Which lines below fall between the one containing "Fresadora Habraman PPSM" and the one containing "2013-2018 Nissan Altima"? Repeat them exactly, counting both of those lines, and add nothing else.

• _Material supplied_:

○ ○ ○ ○ ○ ○ ○

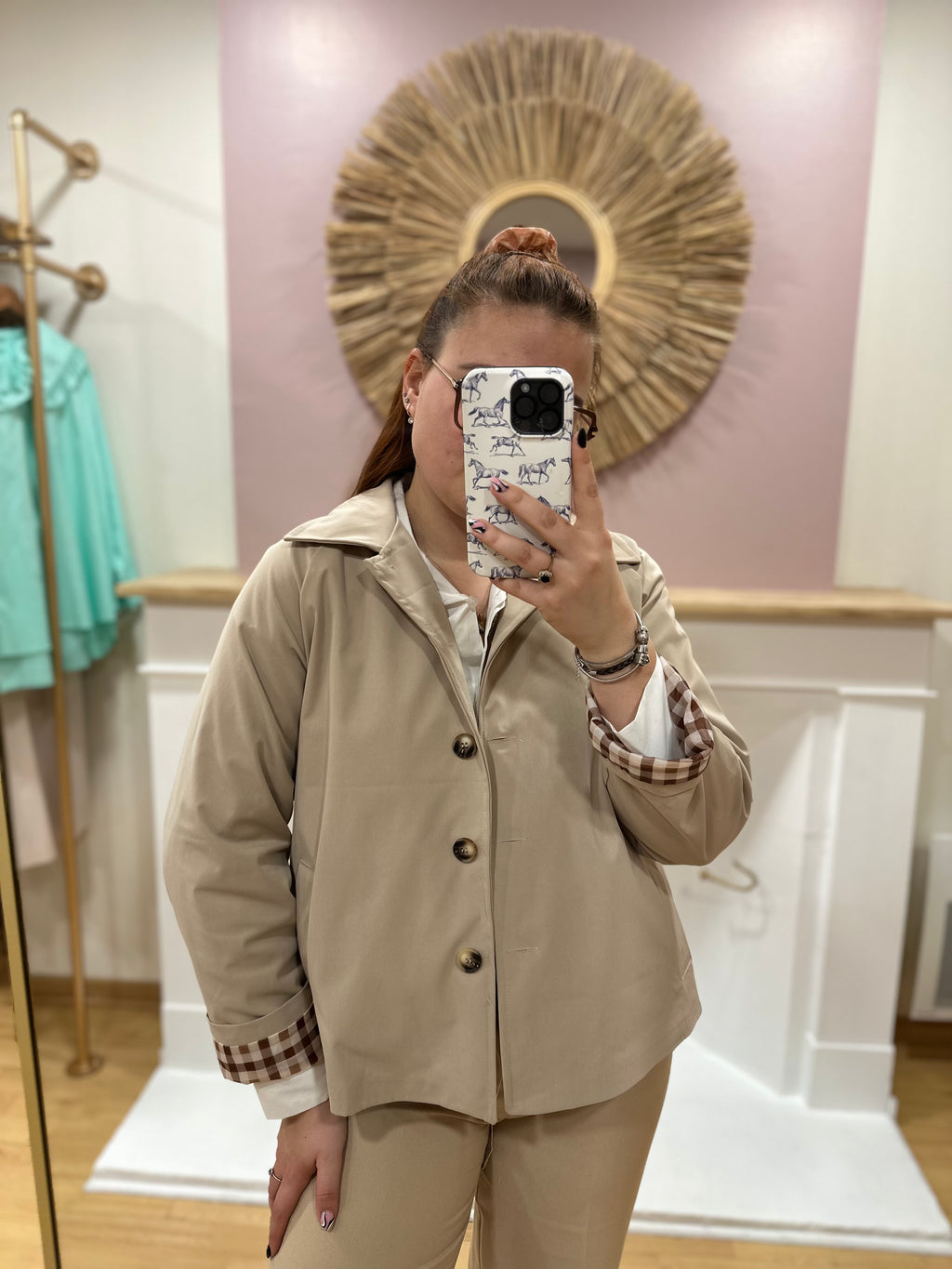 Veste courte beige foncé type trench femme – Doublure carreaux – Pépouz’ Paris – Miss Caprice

○ ○ ○ ○ ○ ○ ○

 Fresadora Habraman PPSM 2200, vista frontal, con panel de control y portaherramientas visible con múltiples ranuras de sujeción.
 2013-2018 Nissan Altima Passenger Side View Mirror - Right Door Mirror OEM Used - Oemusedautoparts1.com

○ ○ ○ ○ ○ ○ ○

• _Response below_:
 Fresadora Habraman PPSM 2200, vista frontal, con panel de control y portaherramientas visible con múltiples ranuras de sujeción.
 2013-2018 Nissan Altima Passenger Side View Mirror - Right Door Mirror OEM Used - Oemusedautoparts1.com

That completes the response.